### Try it
For the listing below, print exactly the lines from the line with "A pool area" to the line with "A BBQ Boards®", both included, and nothing beyond them.

### Input records
* * * *

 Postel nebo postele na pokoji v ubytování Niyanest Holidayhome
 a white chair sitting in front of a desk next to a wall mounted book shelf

* * * *

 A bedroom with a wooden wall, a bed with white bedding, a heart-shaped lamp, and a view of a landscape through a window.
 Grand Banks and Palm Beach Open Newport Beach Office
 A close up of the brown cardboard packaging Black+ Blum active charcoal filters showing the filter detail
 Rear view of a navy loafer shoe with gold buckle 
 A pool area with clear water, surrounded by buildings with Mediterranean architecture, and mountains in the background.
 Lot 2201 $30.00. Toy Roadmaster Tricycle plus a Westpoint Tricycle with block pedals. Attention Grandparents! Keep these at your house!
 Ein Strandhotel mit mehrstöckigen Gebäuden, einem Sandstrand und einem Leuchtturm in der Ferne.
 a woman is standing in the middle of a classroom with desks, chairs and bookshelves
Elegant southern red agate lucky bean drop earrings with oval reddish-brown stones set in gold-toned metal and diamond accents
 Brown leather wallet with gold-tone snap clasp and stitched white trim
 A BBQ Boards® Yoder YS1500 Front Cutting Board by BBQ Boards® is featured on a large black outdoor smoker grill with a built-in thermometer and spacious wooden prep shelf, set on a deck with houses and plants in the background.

* * * *

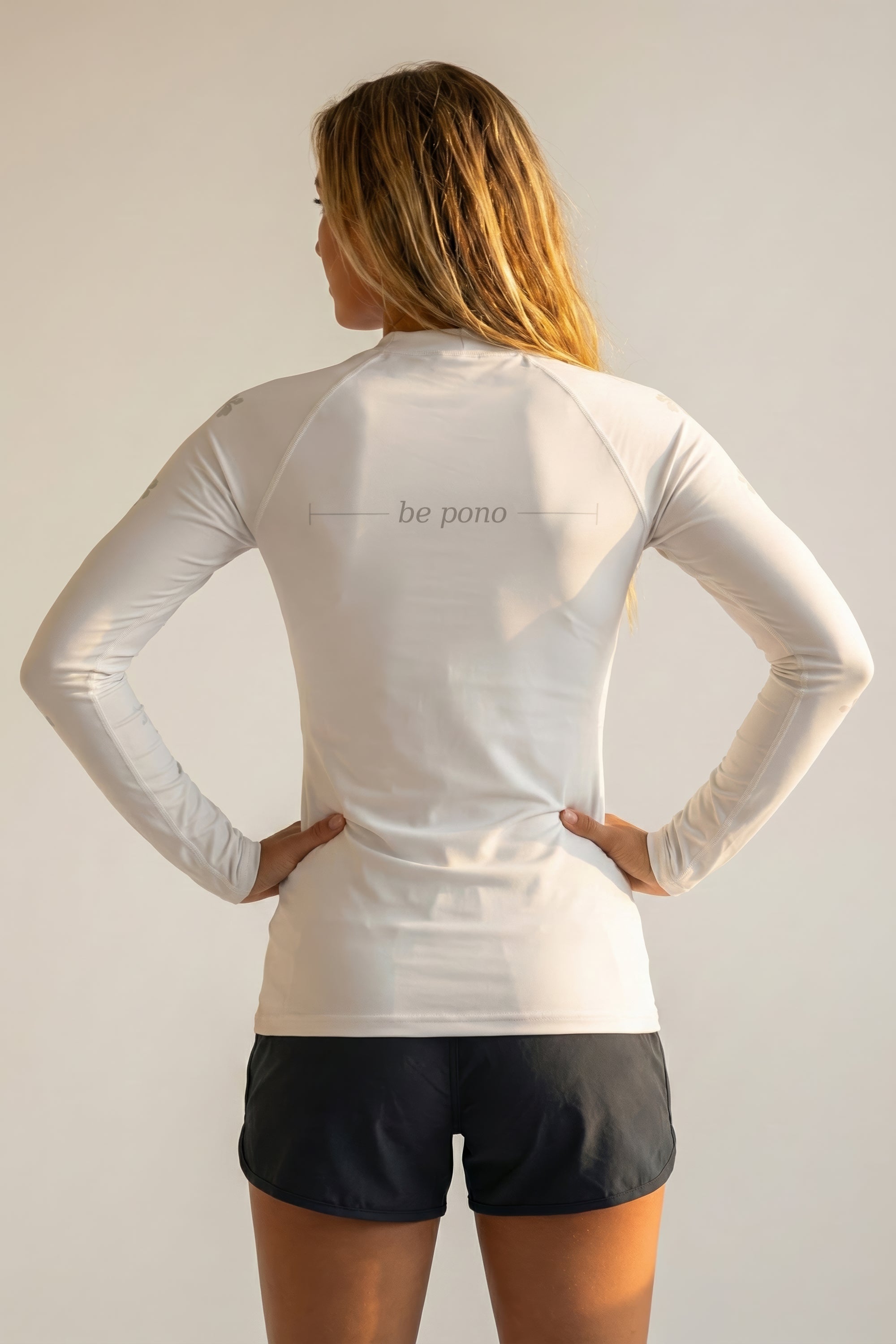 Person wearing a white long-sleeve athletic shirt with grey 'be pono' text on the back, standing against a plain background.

* * * *

### Completed task
 A pool area with clear water, surrounded by buildings with Mediterranean architecture, and mountains in the background.
 Lot 2201 $30.00. Toy Roadmaster Tricycle plus a Westpoint Tricycle with block pedals. Attention Grandparents! Keep these at your house!
 Ein Strandhotel mit mehrstöckigen Gebäuden, einem Sandstrand und einem Leuchtturm in der Ferne.
 a woman is standing in the middle of a classroom with desks, chairs and bookshelves
Elegant southern red agate lucky bean drop earrings with oval reddish-brown stones set in gold-toned metal and diamond accents
 Brown leather wallet with gold-tone snap clasp and stitched white trim
 A BBQ Boards® Yoder YS1500 Front Cutting Board by BBQ Boards® is featured on a large black outdoor smoker grill with a built-in thermometer and spacious wooden prep shelf, set on a deck with houses and plants in the background.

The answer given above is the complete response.